The test for trademark infringement is generally stated to be "likelihood of confusion" of ordinary purchasers purchasing in the ordinary manner. See, e. g., McLean v. Fleming, 96 U.S. (6 Otto) 245, 251, 24 L.Ed. 828 (1877). Trademark infringement should be distinguished from unfair competition; the former is a narrower concept based upon the use by another of one's distinctive mark, or of a salient part of it, and does not necessarily depend upon the whole appearance or "dress" of the products. The plaintiff in a trademark infringement suit has an easier burden of proof, in that the prior use of the trademark gives rise to a presumption of exclusive right to it, and renders unnecessary proof of an actual intent to defraud or of specific association by purchasers of the mark with the producer. Moreover, registration under the Lanham Act or Illinois statute creates a presumption of adoption and continued use and is prima facie evidence of validity. The plaintiff in a trademark infringement suit must show prior use of its own mark and the defendant's use of a "confusingly similar" mark in competition with it. See generally 1 Nims, Unfair Competition and Trade-Marks §§ 1, 221b-221p (4th ed. 1947).

There is no problem here as to the prior use by the plaintiff of its own mark. The only question is whether plaintiff has shown that defendant is using a "confusingly similar" mark.

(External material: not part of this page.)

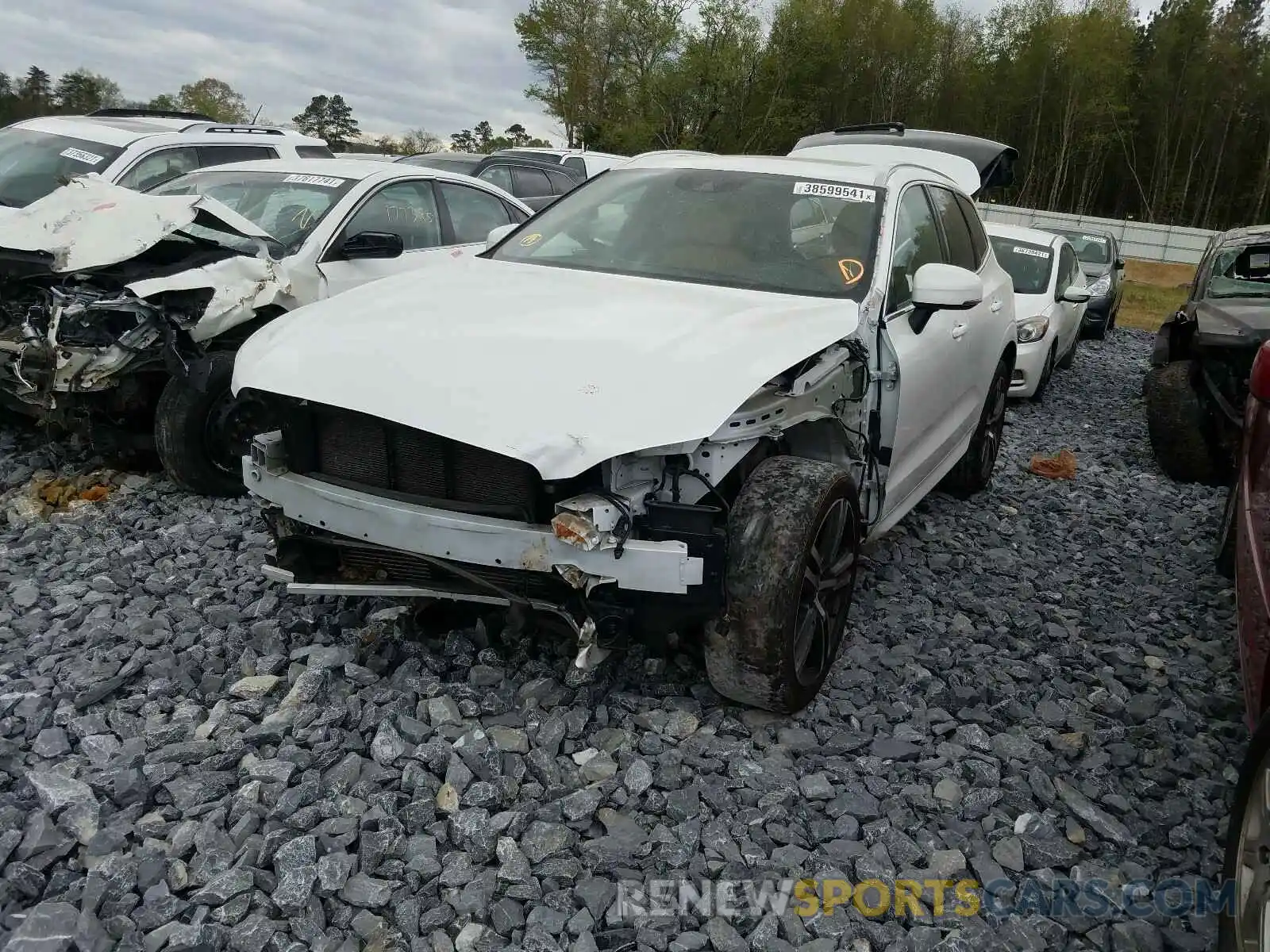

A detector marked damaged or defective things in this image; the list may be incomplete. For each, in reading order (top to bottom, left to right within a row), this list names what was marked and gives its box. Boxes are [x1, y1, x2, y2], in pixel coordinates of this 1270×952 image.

Plaintiff and defendant have primarily disagreed upon the nature and sufficiency of evidence required to meet this burden of proof. Both parties agree that the test is not simply a "side-by-side" one, made by the court by comparing personally the labels or marks. Rather, the test is one of consumer confusion, in light of the manner in which consumers purchase these products. See, e. g., Northam Warren Corp. v. Universal Cosmetic Co., 18 F.2d 774, 775 (7th Cir. 1927). Plaintiff here has only introduced copies of the two labels. No evidence was introduced to show how consumers purchase these products, to show any consumer association with plaintiff's mark, or to show any actual confusion. However, even in the absence of this type of evidence, the court can proceed to visualize the likelihood of consumer confusion wholly from the similarity of the marks. See, e. g., Pikle-Rite Co. v. Chicago Pickle Co., 171 F.Supp. 671 (N.D.Ill.1959).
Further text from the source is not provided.